Walz intends to push COVID vaccines for young children and teens

Numerous questions remain on the necessity for children and teenagers to get vaccinated.

Background: Minnesota Capitol building (Matthew Deery/Flickr). Left: Gov. Tim Walz/Minnesota Governor's Office.

Minnesota Gov. Tim Walz has announced his intention to incentivize young children and teenagers to take the COVID vaccine.

The news was first reported by Minnesota Public Radio, which said the governor made the announcement at a COVID testing site in Duluth Thursday morning.

According to the Associated Press, 12- to 17-year-olds who get vaccinated will be offered “services, products, and unique experiences” from Minnesota health officials.

Gov. Walz added that these incentives will extend to 5- to 11-year-olds once the FDA approves a vaccine for them, a move expected by the end of October.

The governor also didn’t pass up an opportunity in his remarks to encourage more adult Minnesotans to get vaccinated.

“These are the most tested and used vaccines that we have seen,” he said. “They were decades in the development of this. And to not do so not only puts you, your family [at risk], but it puts your community at risk.”

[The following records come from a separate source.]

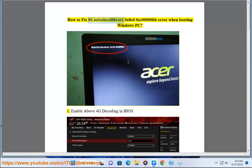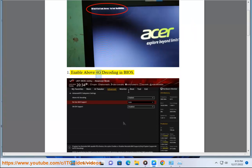How to fix 'Boot initialized library failed 0xc0000BB' error when starting your Windows PC. Fix 1: Enable above 4G decoding in BIOS.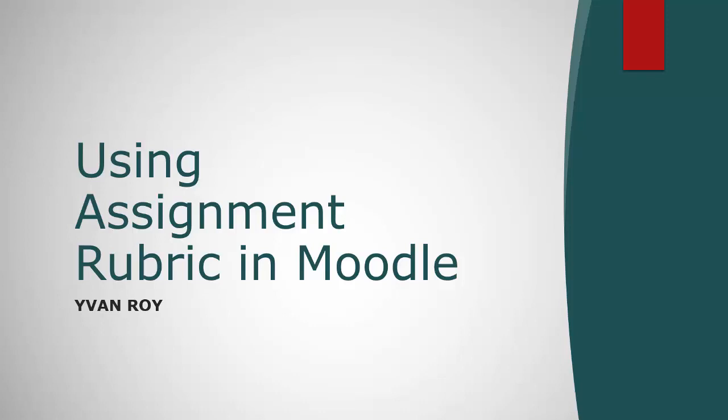It's the Moodle Rubric plugin. I'll show you how I use it and maybe if you think it's a useful tool you might start using it in your own course.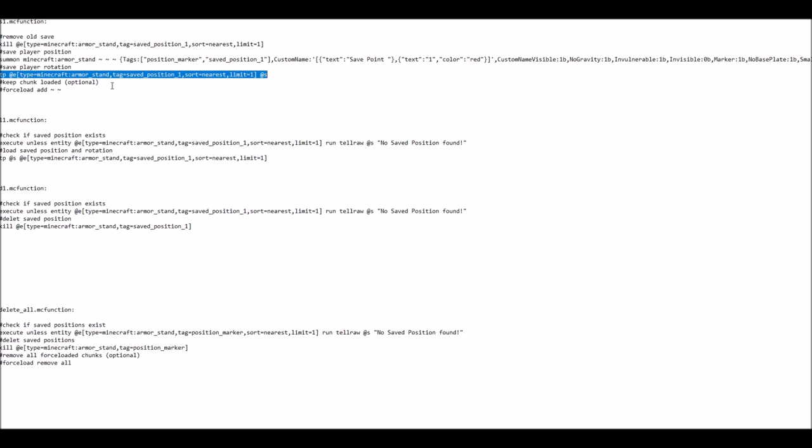And then finally we have this force load command here, which is in the default version commented out, which would force load the chunk you're currently in, which would guarantee that even if you are far apart from this position, you will still be able to load this position. But as I already mentioned in the default version, this is commented out, but can be easily commented in again.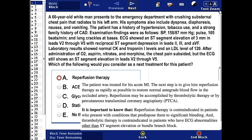The patient was treated for his acute MI. The next step is to give him reperfusion therapy as rapidly as possible, to restore normal antegrade blood flow in the occluded artery. Reperfusion may be accomplished by thrombolytic therapy, or by percutaneous transluminal coronary angioplasty.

Although COVID vaccines were rolled out en masse just one year into the pandemic, Walz was referring to the fact that scientists have been developing coronavirus vaccines in the lab for many years.

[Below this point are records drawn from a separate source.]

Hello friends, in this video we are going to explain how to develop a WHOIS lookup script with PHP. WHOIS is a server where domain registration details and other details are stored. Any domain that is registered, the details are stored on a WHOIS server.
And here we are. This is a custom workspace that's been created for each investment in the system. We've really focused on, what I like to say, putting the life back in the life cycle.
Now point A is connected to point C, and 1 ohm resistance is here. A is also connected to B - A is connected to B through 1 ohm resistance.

“This vaccine strategy was explored in the original SARS (severe acute respiratory syndrome) and MERS (Middle-East respiratory syndrome) virus outbreaks,” Dr. Clay Dunagan of BJC HealthCare has said. “So, it’s not unprecedented for use in people.”

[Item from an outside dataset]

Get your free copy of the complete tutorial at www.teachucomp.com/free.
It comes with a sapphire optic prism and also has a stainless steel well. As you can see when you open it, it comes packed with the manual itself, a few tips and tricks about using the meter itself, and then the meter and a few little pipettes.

An article in Nature also says scientists were able to develop the vaccines quickly “because of years of previous research on related viruses and faster ways to manufacture vaccines, enormous funding that allowed firms to run multiple trials in parallel, and regulators moving more quickly than normal.”

Nevertheless, numerous questions remain on the necessity for children and teenagers to get vaccinated. The World Health Organization (WHO) does not yet recommend the COVID vaccine for any 5- to 11-year-old child. It also does not recommend the vaccine for 12- to 17-year-olds who aren’t high risk, citing a current lack of evidence on its benefits.

According to KFF, 54% of all parents oppose a COVID vaccine mandate in schools, even if and when the FDA approves the vaccine for 5- to 11-year-olds. And of those parents with unvaccinated children, 83% oppose the idea of a mandatory vaccine.